Les pauvres encore relégués aux oubliettes

Un peuple, comme le peuple acadien, doit continuellement être en mouvement, car s’il demeure statique, il régresse. On est plusieurs à penser que l’Acadie passe actuellement une autre période de morosité. On dirait que ça ne bouge plus.

Pendant ce temps-là, on a un gouvernement minoritaire qui se comporte comme s’il était majoritaire. Il commence déjà à bousculer le filet social en s’attaquant aux plus pauvres et à l’éducation. On ne peut rester coi, par rapport à cela.

L’attaque la plus brutale se situe au niveau de la petite enfance. Il est révoltant que l’on continue à traiter les monitrices de garderie comme des éducatrices de deuxième zone, des laissées pour compte.

Et pourtant, le monde de la psychologie clame sur tous les toits depuis des décennies, que tout se passe avant l’âge de six ans.

Négliger les services de garde, c’est négliger la petite enfance, ce qui risque de nous coûter beaucoup plus cher comme société dans un avenir rapproché.

Dans la même lignée, il faut s’indigner qu’encore une fois que l’on coupe en éducation postsecondaire, surtout dans le domaine des sciences infirmières. Comment peut-on d’un côté reconnaître la pénurie profonde d’infirmières et de l’autre, cibler des coupures dans la formation nécessaire de plus d’infirmières pour enrayer cette pénurie endémique? Ça devient difficile de comprendre comment nos dirigeants pensent pour poser des gestes aussi négatifs et incompréhensibles.

Il y avait un bon programme d’accessibilité aux études postsecondaires qui permettaient aux enfants des familles moins nantis de faire des études. Au lieu de maintenir le cap sur l’éducation publique, on ne trouve pas mieux de répartir le peu de fonds disponibles à un plus grand éventail de postulants, dont ceux du privé.

Ces choix idéologiques devraient nous inquiéter, les pauvres sont encore relégués aux oubliettes.

Quand on regarde ce qui se passe au niveau des foyers de soins, il y a matière à désespérer. Comment peut-on traiter si chichement ces employés qui font un travail parmi les plus honorables, soit celui de prendre soin de nos aînés?

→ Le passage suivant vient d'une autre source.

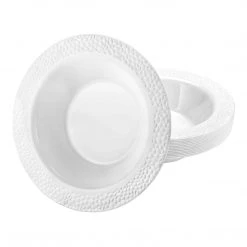 King Zak Premium Extra Heavy Weight Plastic Pebbled Dinnerware Disposable Dinnerware
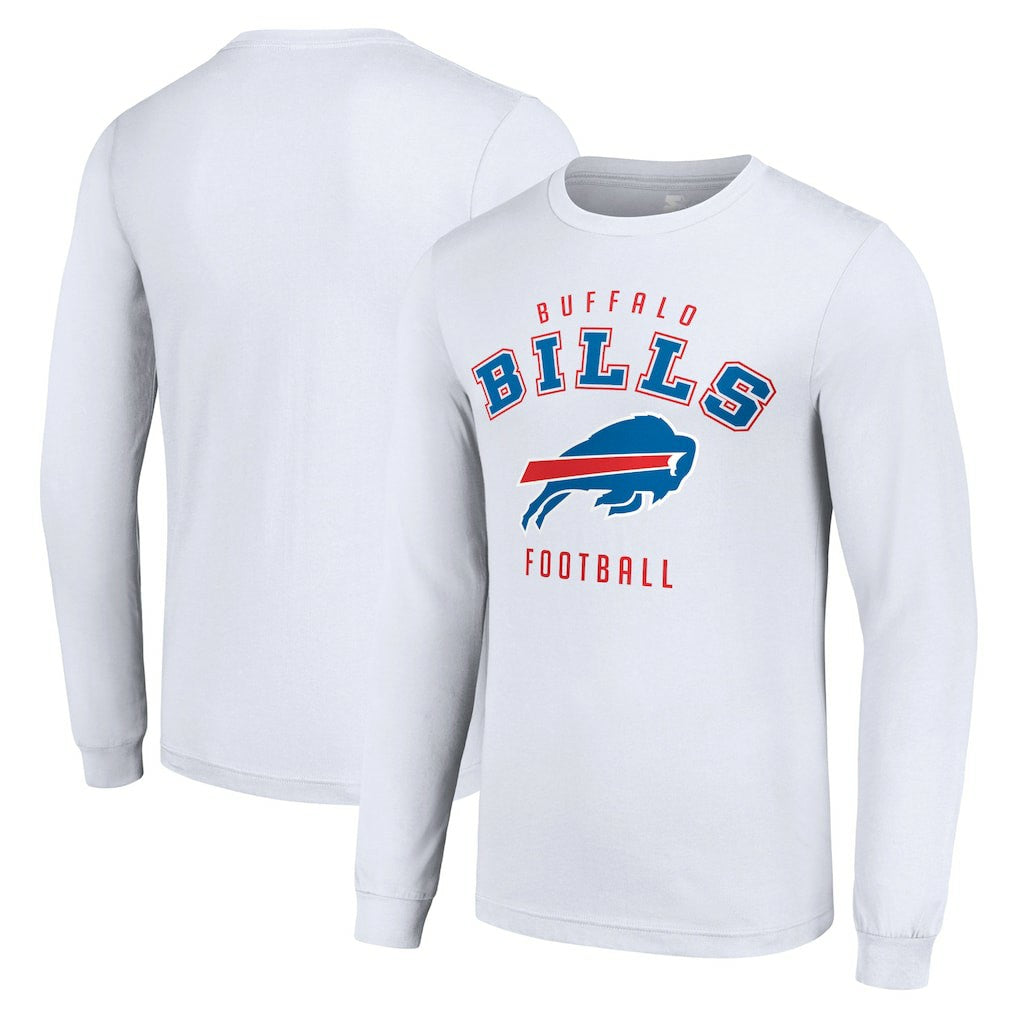 Buffalo Bills Starter Long Sleeve T-Shirt - White for sale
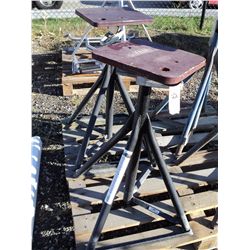 (2) Powerboat Boat Stands 28" - 46"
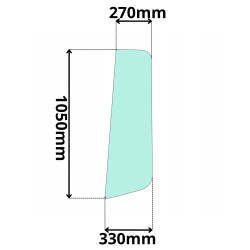 SZYBA BOCZNA NAROŻNA CAT 416-438 416B-446B (0429)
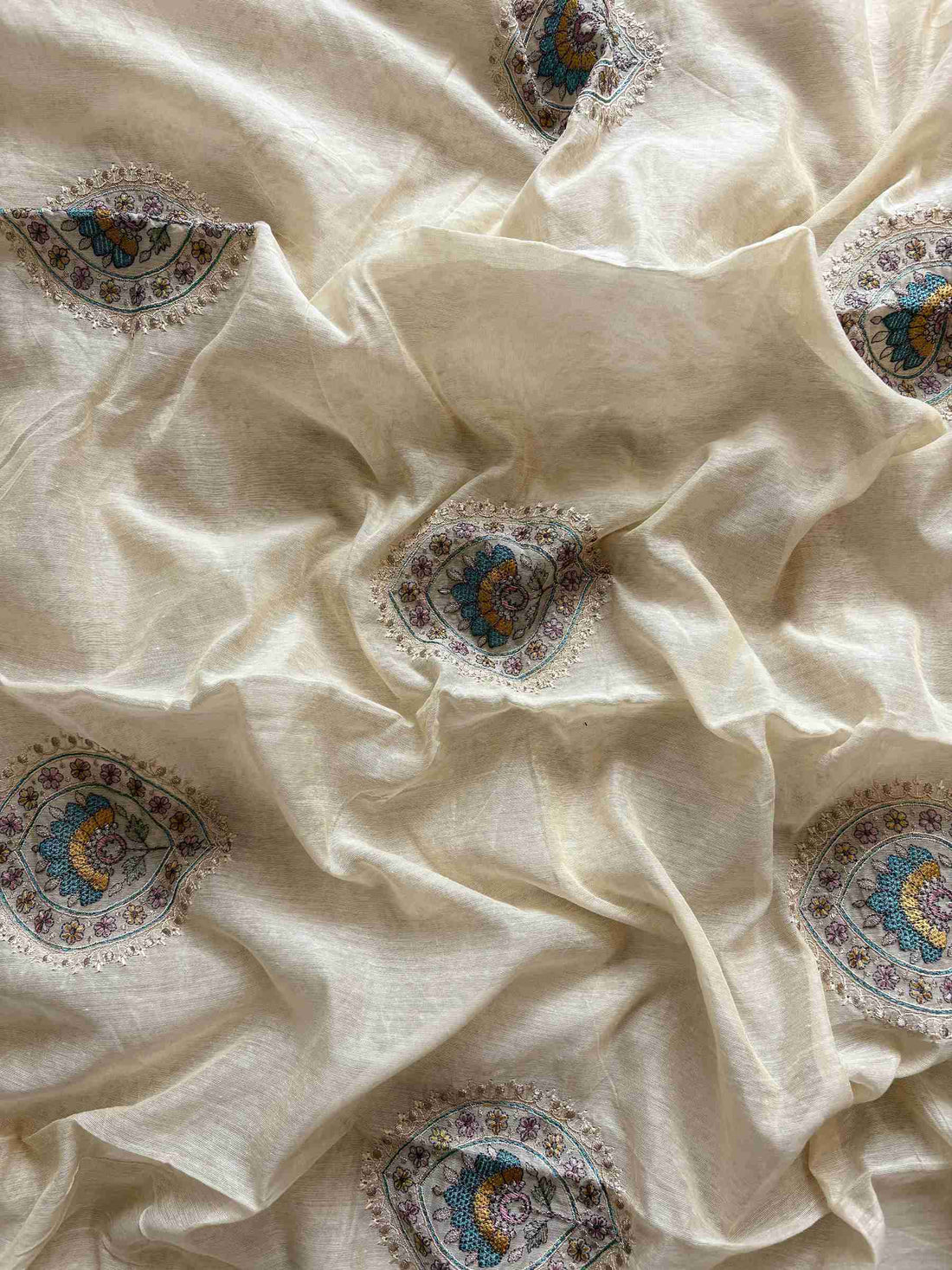 Premium quality chanderi silk Unstitched suits - The Zareesh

Une société est jugée sévèrement sur la façon dont elle traite ses enfants et ses personnes âgées.

Je ne crois pas que ce gouvernement actuel passe le test de l’honorabilité et de la décence.

Ce même gouvernement résiste à la taxe sur le carbone, alors qu’il y a un entendement majoritaire sur le fait que la planète est en décrépitude.

Combien faudra-t-il de signes extérieurs avant que ces sceptiques soient confondus?

Faudra-t-il qu’ils en prennent conscience après que la population de l’Île-du-Prince-Édouard se dote d’un premier gouvernement vert, ouvrant ainsi les écluses pour que d’autres populations suivent cette trace souhaitable?

La seule planète habitable par des humains que l’on connaît est la Mère-Terre, comme le disent les Premières Nations: il faudrait peut-être s’en occuper.

Un gouvernement raisonnable devrait s’atteler à améliorer le sort humain et non pas à le dégrader, comme cela se passe maintenant. Il est décourageant de constater que, malgré tout, ce gouvernement reçoit pour le moment l’assentiment populaire.

Je nous souhaite moins de deux ans de ce régime rétrograde. On est en droit de confondre conservatisme avec régression.